Le lendemain de l’explosion à Jaar, nous avons reçu trois patients qui avaient été blessés par ce type d’engins. Deux d’entre eux étaient des enfants et ont dû être amputés. Ils venaient d’Al-Rawdah, pourtant déclarée « déminée » la veille. Depuis juin, nous avons accueilli 22 cas de ce type ; trois d’entre eux sont morts des suites de leurs blessures.
La souffrance psychologique doit également être prise ne compte afin de permettre à ces enfants et à leurs parents de reprendre le cours de leur vie.
Le gouvernement et la communauté internationale doivent aussi faire davantage d’efforts pour déminer les zones concernées et informer les populations sur les risques.

Quels sont les principaux challenges médicaux dans le sud ?

Les soins de santé primaires et secondaires restent faibles car les infrastructures nécessaires ne sont pas correctement entretenues.
L’accès limité au système de santé pour des raisons de sécurité reste un problème majeur. L’augmentation de la violence signifie que les gens ont peur de se déplacer vers le centre de soins le plus proche, et lorsqu’ils s’y rendent, les médecins ne sont pas toujours là. A cause des difficultés financières, il n’est pas rare que les gens soient également amenés à choisir entre se soigner et se nourrir.

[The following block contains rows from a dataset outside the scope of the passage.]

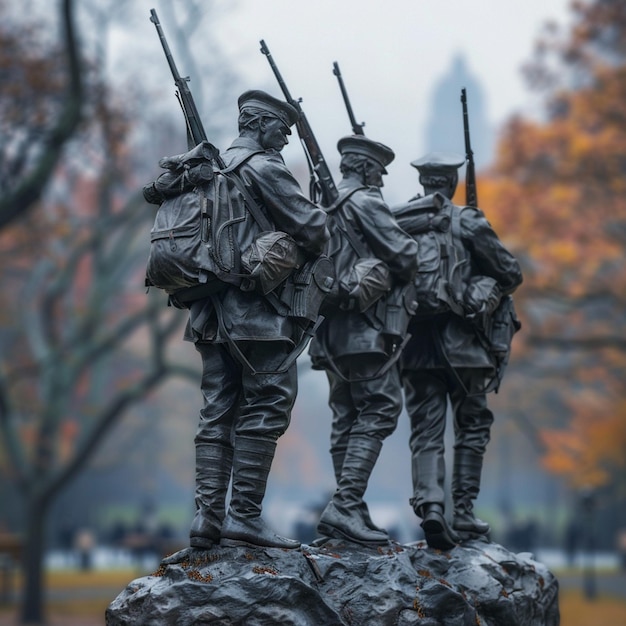 Photo new york statue of soldiers of i world war central park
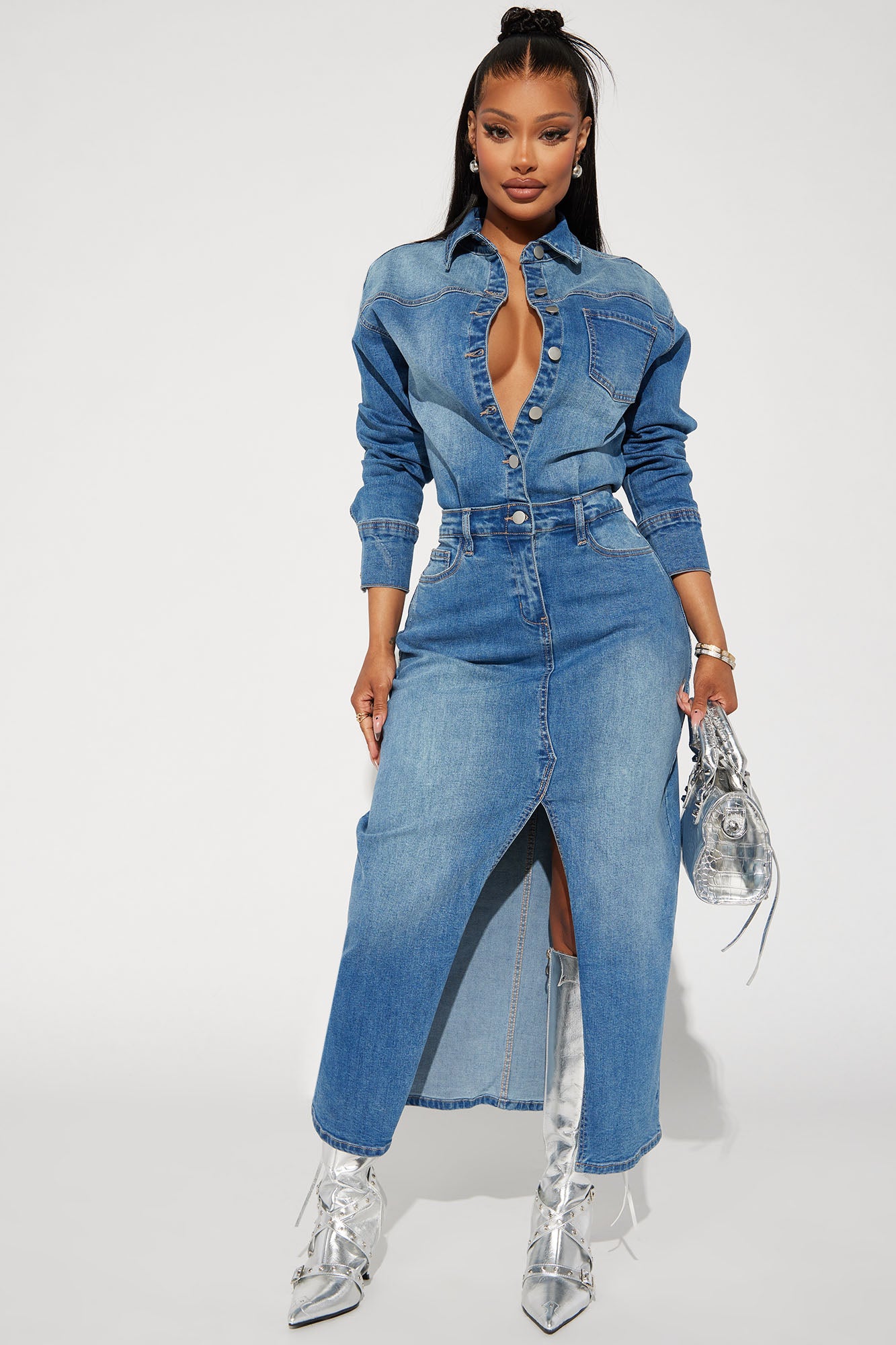 Naomi Denim Maxi Dress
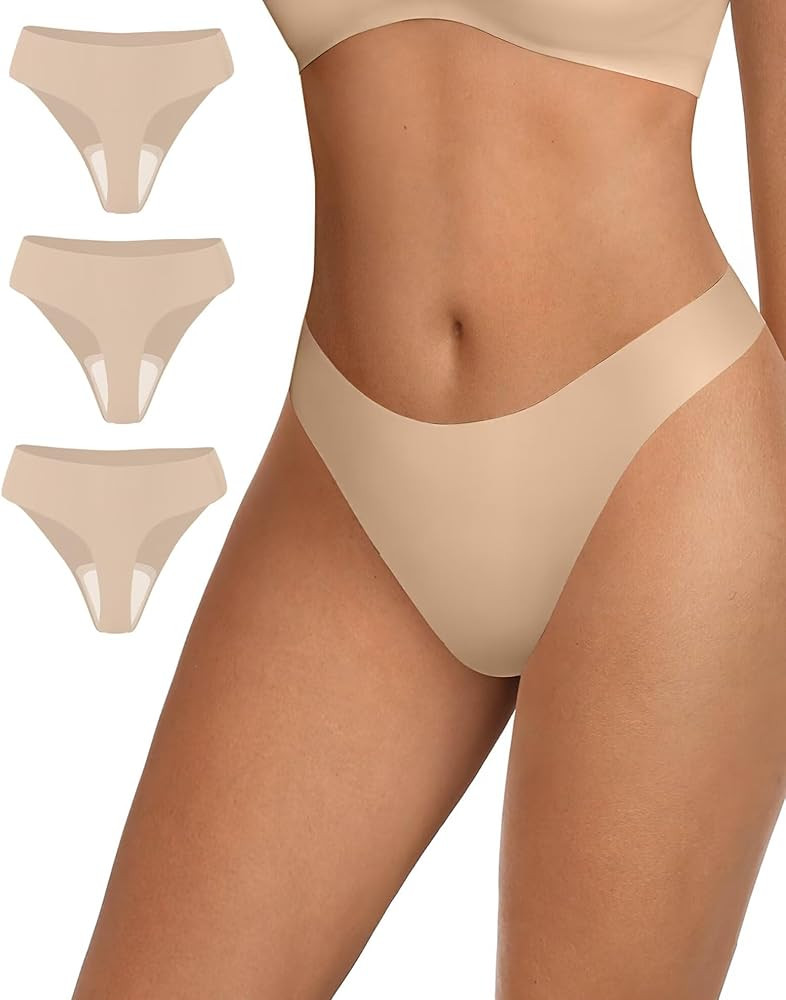 Vertvie Seamless Thongs for Women No Show Thong Panty Liners Invisible Workout Panties Sexy Breat... | Amazon (US)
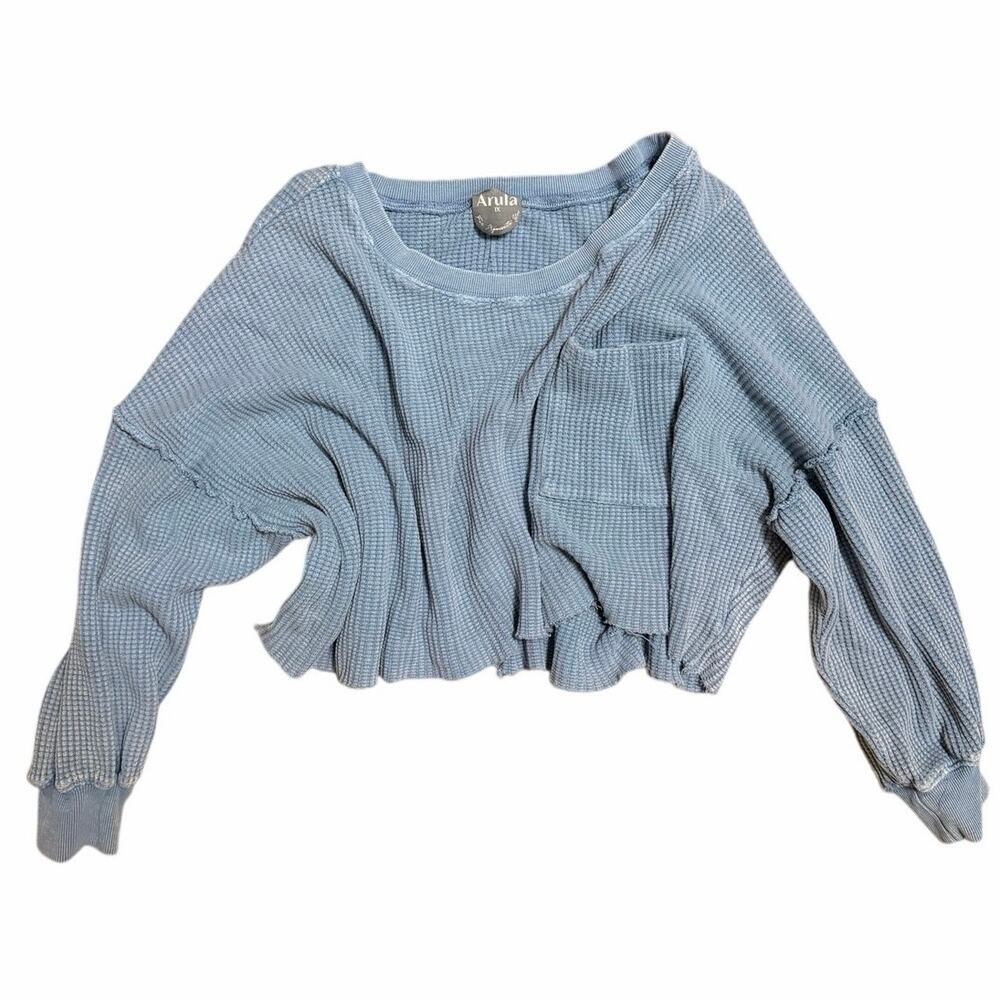 Arula Blue Waffle Knit Distressed Cropped Long Sleeve Thermal Top 1X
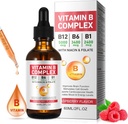 Vitamine B complexe liquide, Vitamine végétalienne B12 gouttes liquides de B12 méthylcobalamine de B1 Thiamine de B6 pyridoxine de B6 Folic de Niacine - B gouttes liquides complexes, soutien énergie, cerveau et cœur, 40 portions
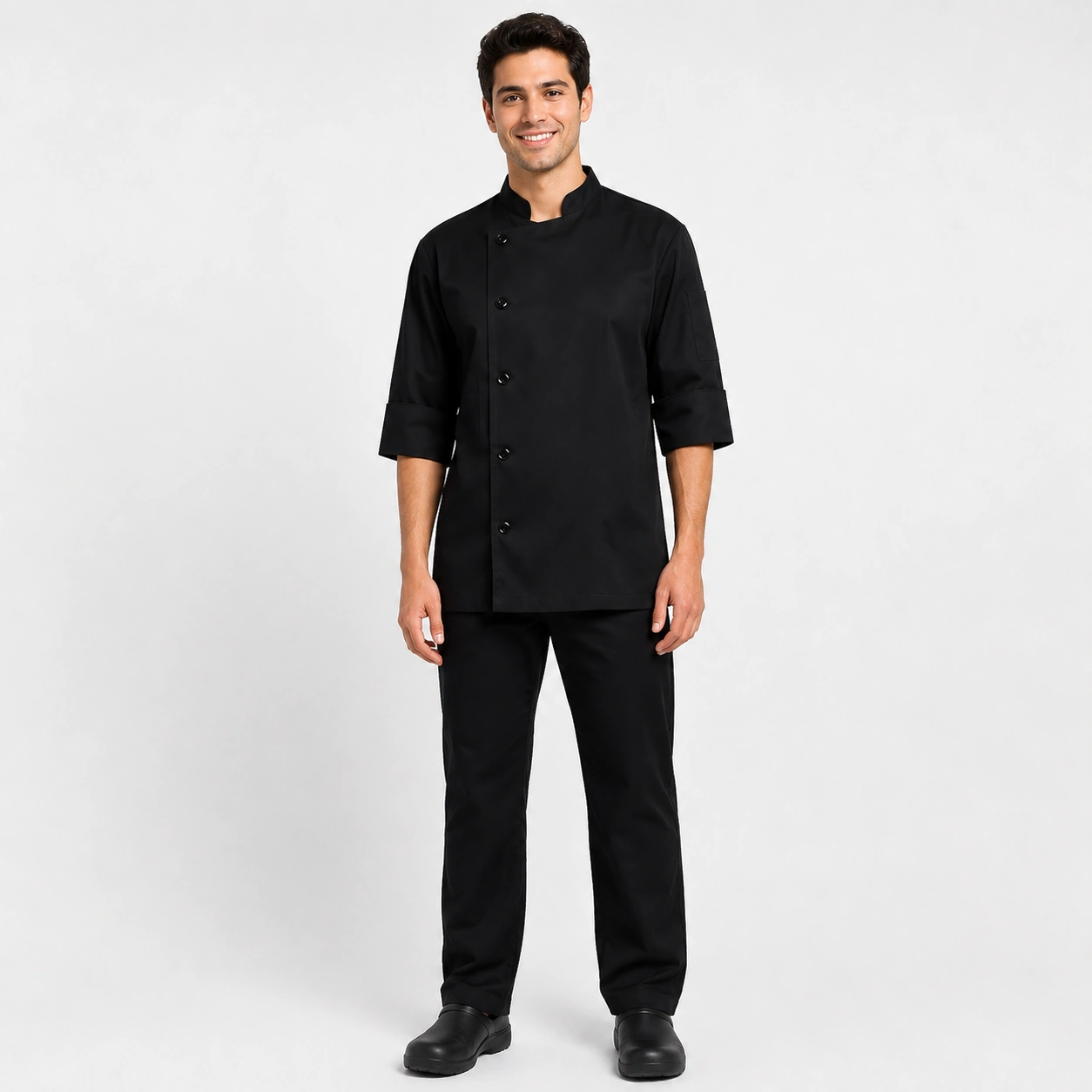 chaqueta chef boton negra unisex gabardina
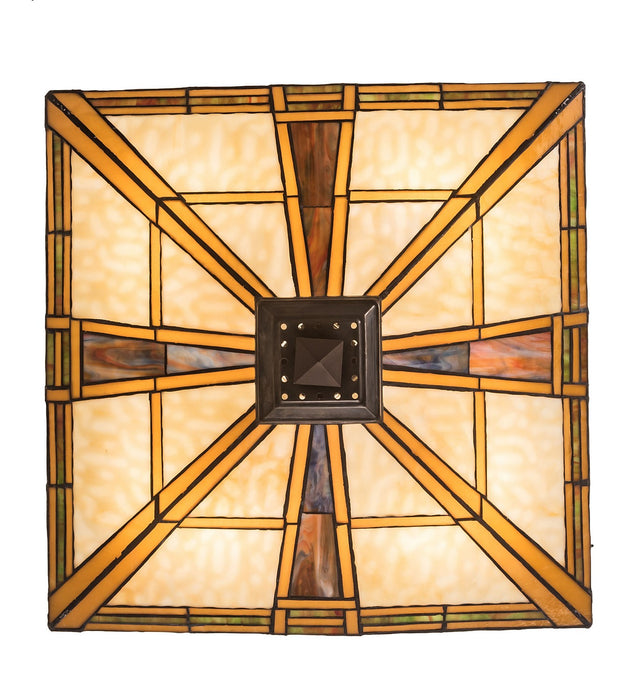 Meyda Tiffany 200425 Four Light Semi-Flushmount, Mahogany Bronze
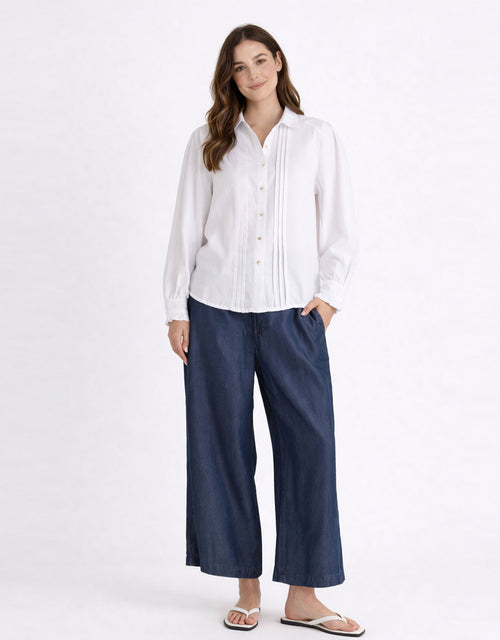 Lucille Lyocell Pleated Shirt - White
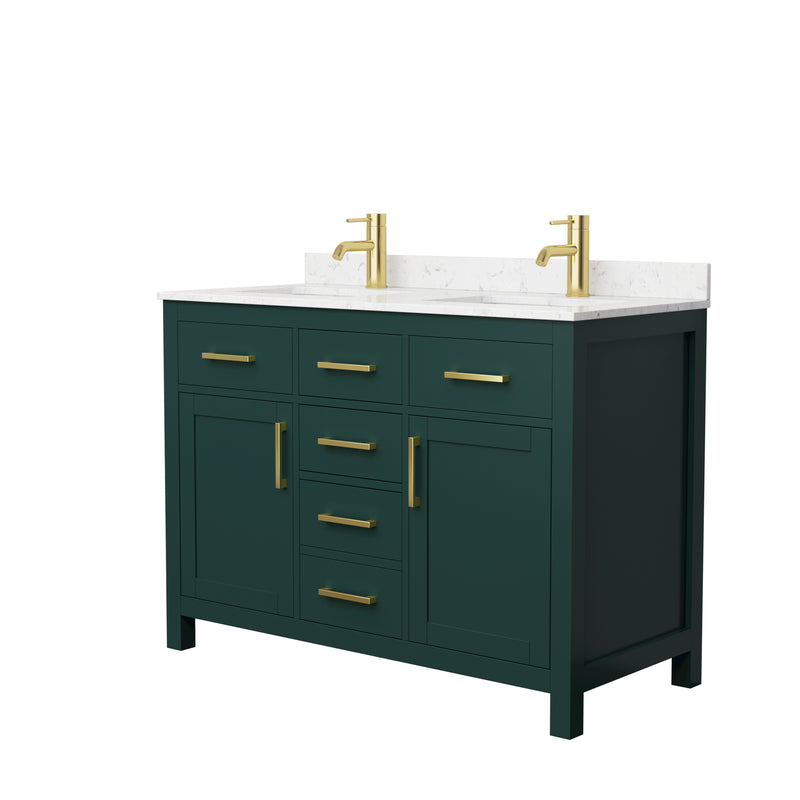 Wyndham Beckett 48" Double Bathroom Vanity In Green Carrara Cultured Marble Countertop Undermount Square Sinks Brushed Gold Trim WCG242448DGDCCUNSMXX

De plus, la diminution des ressources en eau, les différends entre groupes tribaux pour s’approprier la terre et l’augmentation du prix de l’essence sont autant de facteurs influant sur le niveau d’insécurité alimentaire au sein des populations rurales, jusqu’à augmenter les taux de malnutrition chronique.


MSF travaille au Yémen depuis 1986 et en continu depuis 2007. En plus des gouvernorats d’Aden, Ad-Dhali, Abyan et Al-Baydha, l’organisation conduit des activités chirurgicales et médicales dans les gouvernorats d’Amran et d’Hajjah, au nord du pays. Au Yemen, MSF n’accepte aucune forme de financement de la part du gouvernement et choisit de ne dépendre que de donations privées.